The C++ language was built from the ground up to support user defined value types. It does that with copy constructors and copy assignment operators that allow the designer to implement deep copies. That makes the state of the destination object have the same value as the state of the source, but those states are independent. If the source changes its state later, that does not affect the state of the destination.

C++ provides destructors that are called when the thread of execution leaves the scope where the instance was declared. This means the developers have tight control over how and when an instance's resources are returned to the process, for use by other instances. More importantly, the users of C++ classes do not need to be aware of these resource allocations and deallocations. They simply use instances of the classes and the instances take care of all resource management.

The language also provides move construction and move assignment operations. Move construction builds an instance, taking ownership of another instance's state. This transfer is very efficient, usually effected with a pointer swap. Similarly, move assignment discards the destination's state and it takes ownership of the source's state.

Move operations usually only occur when the source is a temporary object, but the compiler can be coerced to execute a move on a non-temporary object by using the std::move(...) operation. Note that you need to be careful with this, as the source no longer owns it's former state and may be unable to continue. Essentially, the use of the std::move(...) is a promise not to use the source object any longer, or to reinitialize it in some effective way.

There are four class relationships, doc, we use to construct Object Oriented Designs: Inheritance, Composition, Aggregation, and Using. Inheritance is an "is-a" relationship. Composition is a strong ownership or "part-of" relationship. Aggregation is also a "part-of" relationship, but is weaker than composition because it does not guarantee that the aggregated part is owned, only that it can be owned by the aggregator. Finally, using is a dependency on an object that is not part of the user, was not created by the user, and should not be destroyed by the user.

Compound Object Example:

Construction Behaviors:

  1. An instance of C is always contained within the footprint of each instance of B.
  2. Clients of B do not see C's public interface. That is only accessible to B.
  3. Similarly, an instance of B is always contained within each instance of D.
  4. Since D derives from B via public inheritance, its public methods become public methods of D.
  5. The C++ language guarantees that a constructor call is made for the creation of every object even if the class designer did not provide constructors. It does that by generating default and copy constructors that do member-wise construction of the class's bases and data elements if the class definition does not explicitly provide them.
  6. Similarly, the language guarantees that a destructor call is made for every object as it leaves the scope in which it was declared, even if the class designer did not provide a destructor. In that case the compiler generates a destructor that does member-wise destruction of each of the class's bases and member data.
  7. Note: This means that you must always decide whether to provide default and copy constructors and destructors for every class you design.
  8. If a class's bases and member data have correct copy, assignment, and destruction semantics, then you don't need to, and should not, provide them.
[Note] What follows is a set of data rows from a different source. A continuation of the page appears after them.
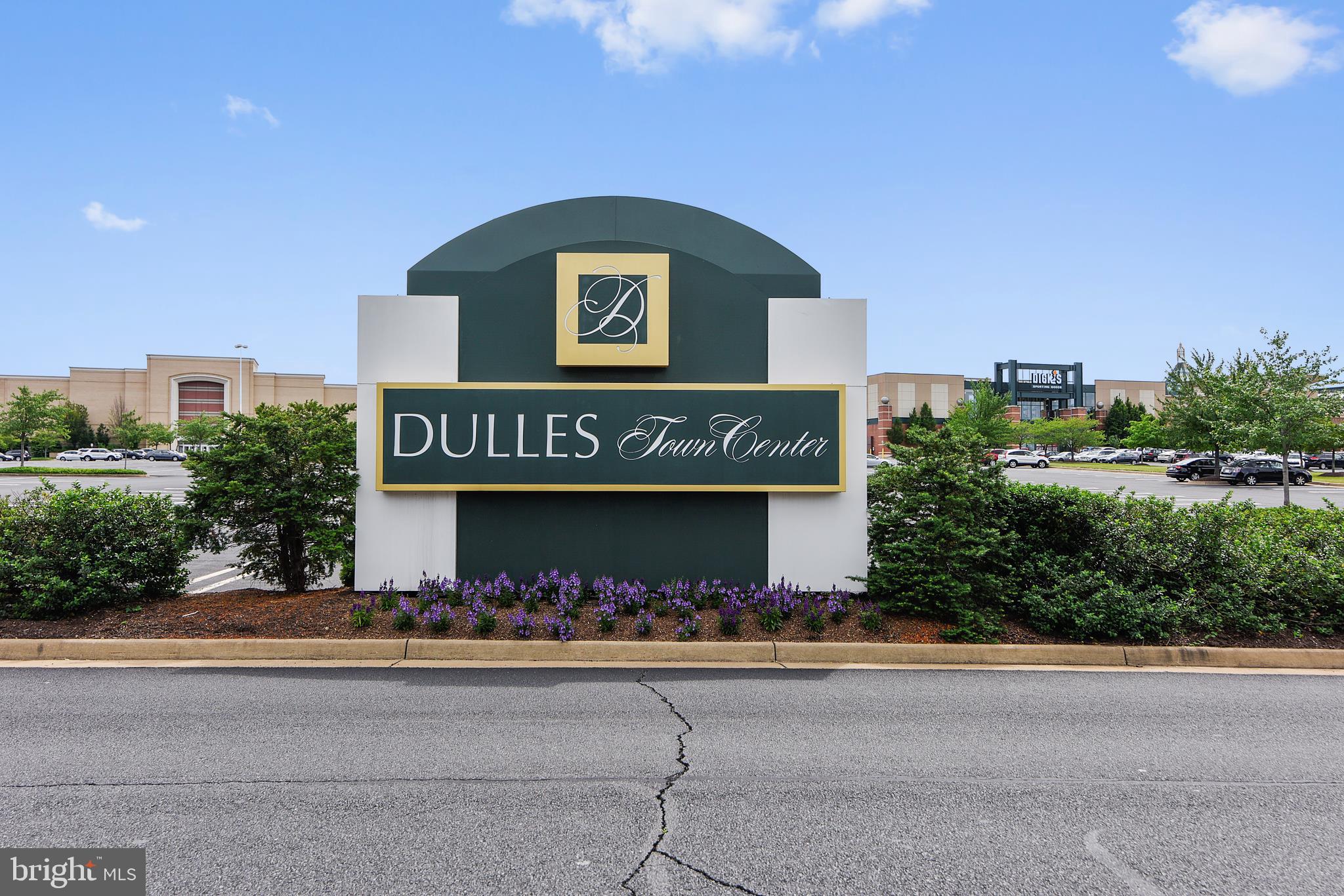 ASHBURN FARM - Residential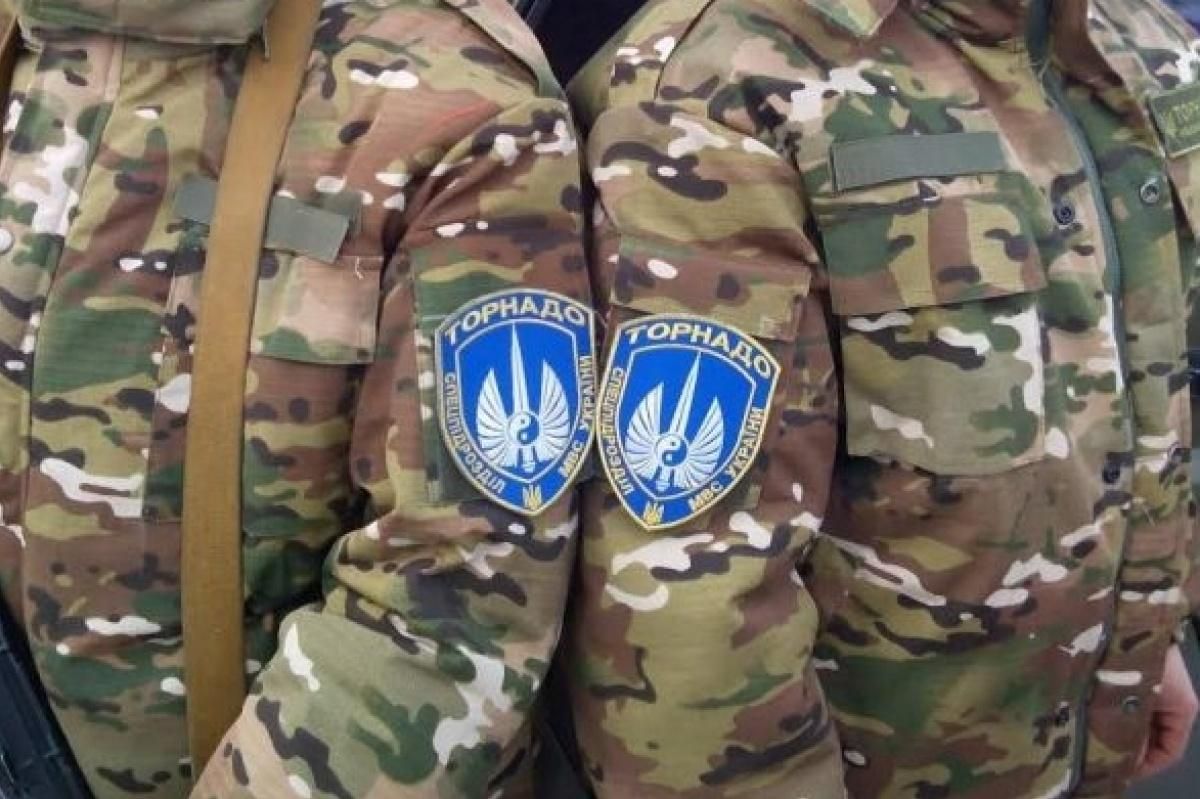 В СИЗО опровергли, что экс-руководитель "Торнадо" отрезал ухо подчиненному В СИЗО опровергли, что экс-руководитель "Торнадо" отрезал ухо подчиненному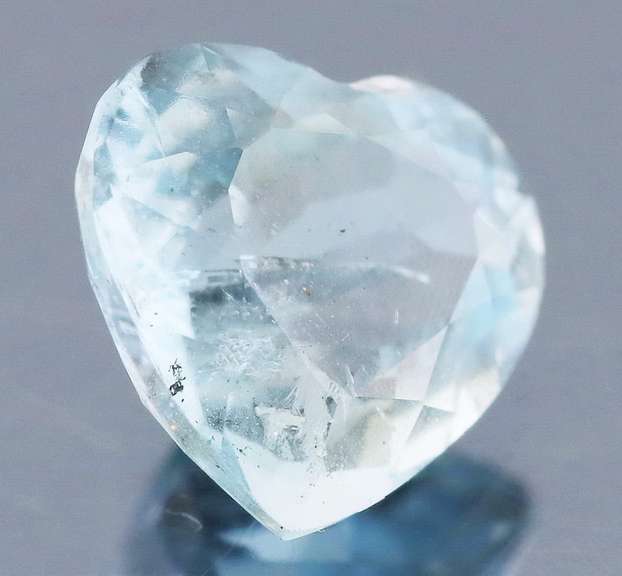 Large untreated 3.30ct heart cut Aquamarine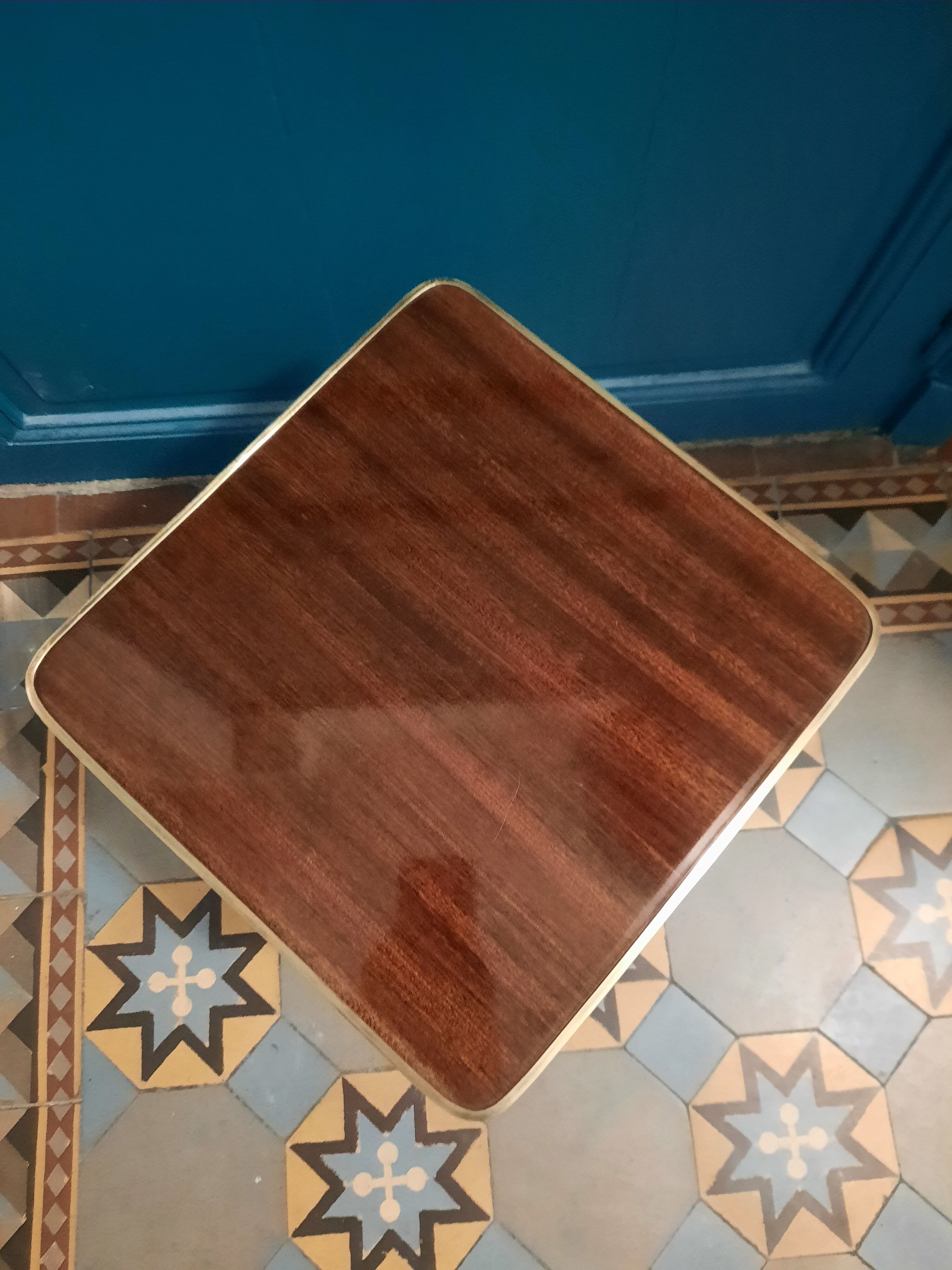 Vintage dappoint table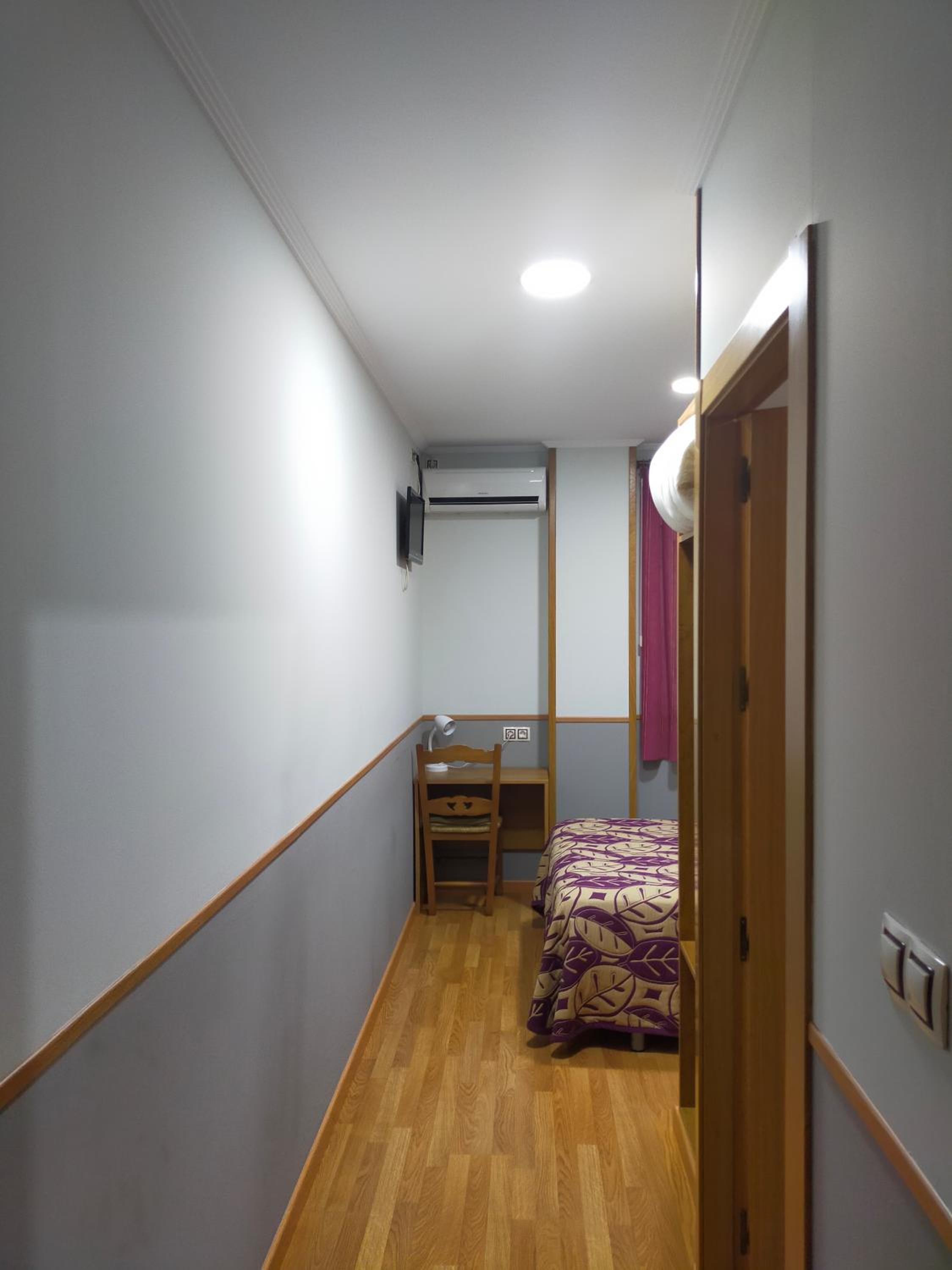 Habitación Doble con Baño Privado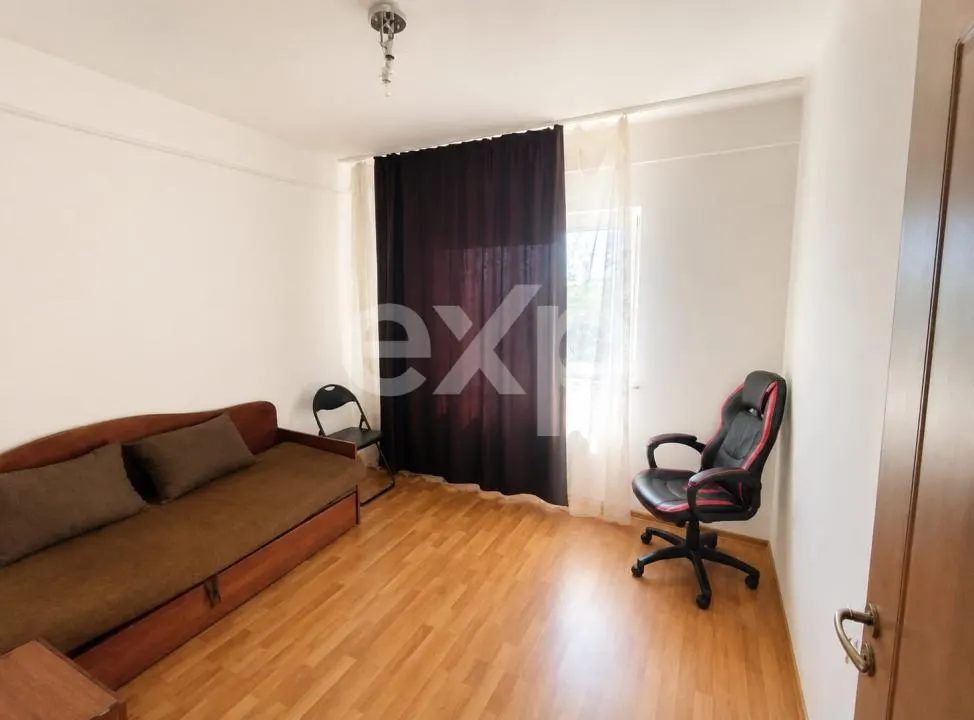 Apartament 3 camere Prundu - foto 2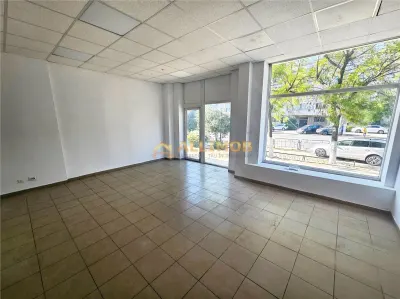Spatiu comercial de inchiriat – Ploiesti, Strada Cantacuzino | Vitrina 10 ml | Trafic intens | Ideal business premium - Ploiesti
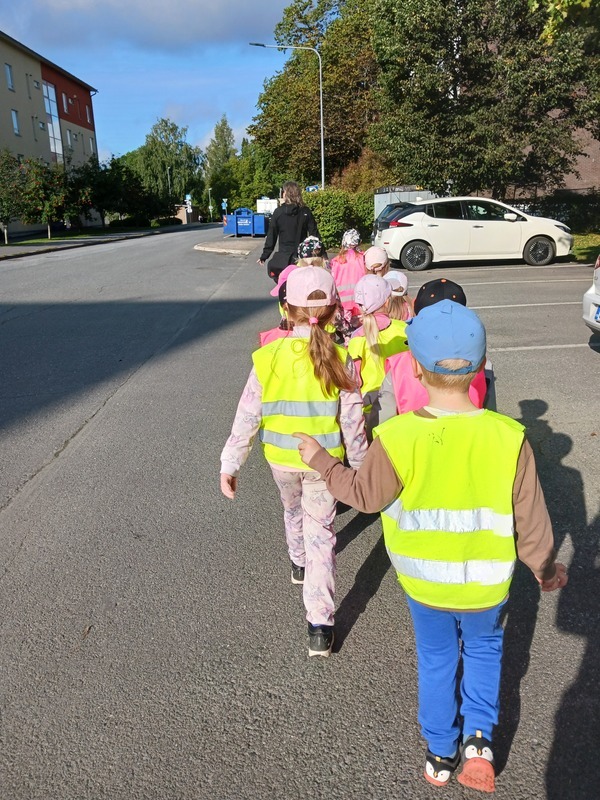Lapset kävelevät parijonossa.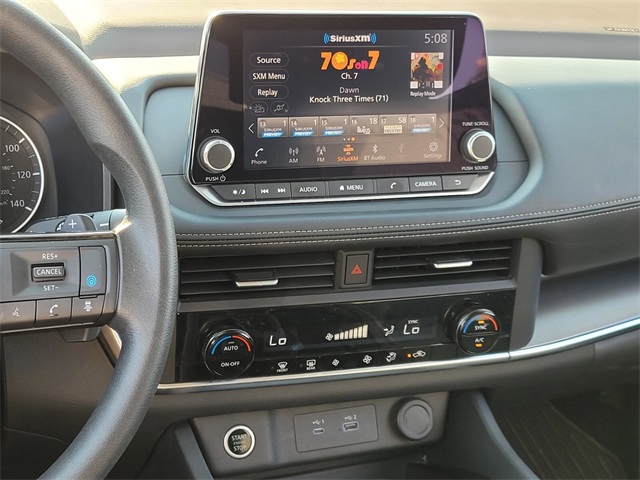2023 Nissan Rogue SV photo 18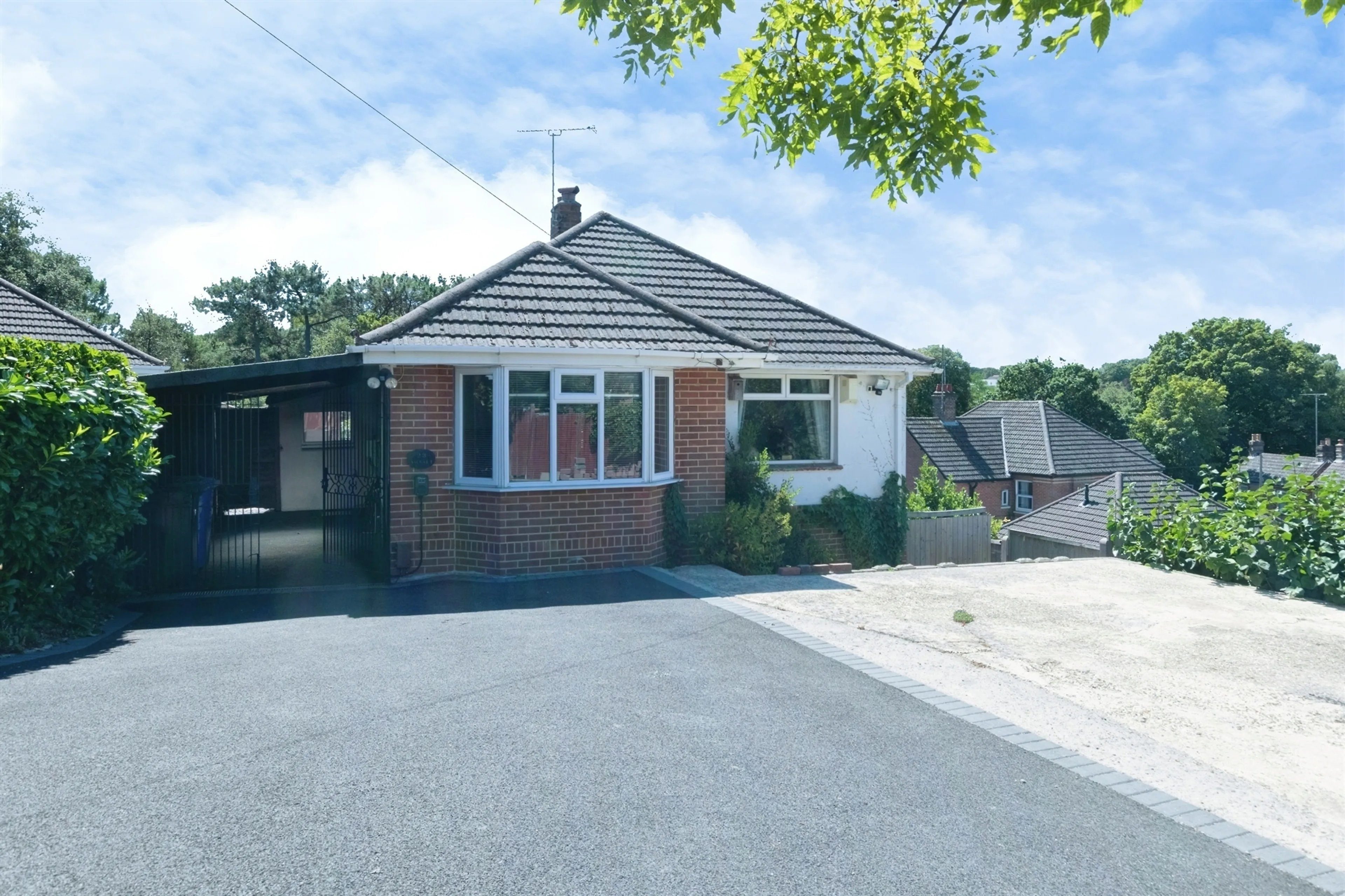 Property photo 0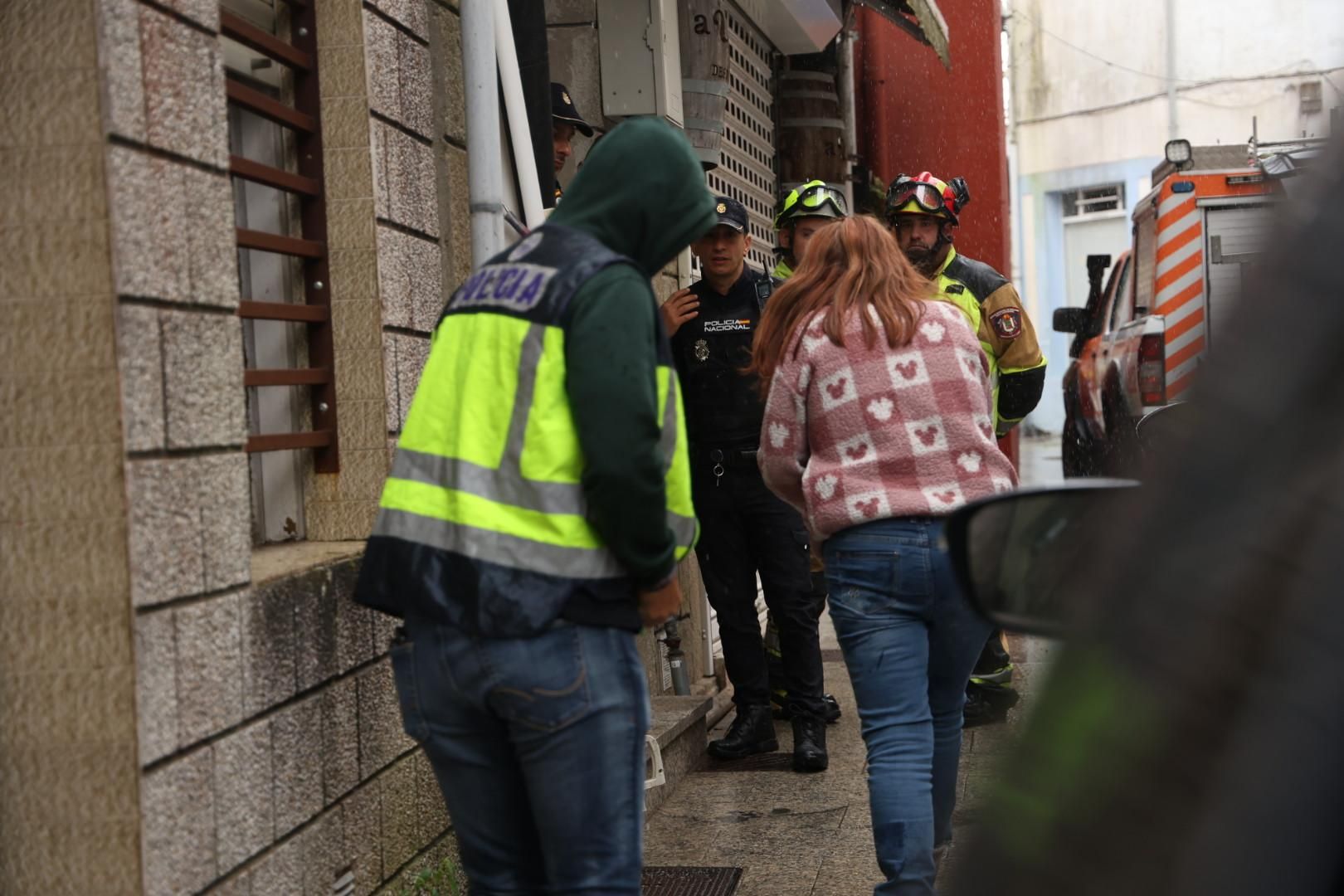 El registro del piso de Vilaxoán se lleva a cabo en presencia de dos de los detenidos.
That is always true if your class holds only primitive types and containers from the Standard Template Library, or holds instances of classes for which that is true.
  9. If your class holds pointers to data on the heap, then you must provide copy, assignment, and destruction operations, or qualify those operations with delete.
  10. If you class holds any types that do not support copying or assignment, like mutexes and critical sections, then you must qualify copy, assignment, and destruction operations with delete.

Example Code:

Compound Objects CodeSnap, Code Doc

This code has classes C, B, D, and U, shown in the diagram above. All of these classes, in the demo code, have correct copy,assignment, destruction, and move semantics. So we normally would not provide those operations, deferring to the compiler generated ones.
However, they are provided here so that they can write to the console to indicate to you how and when they are called.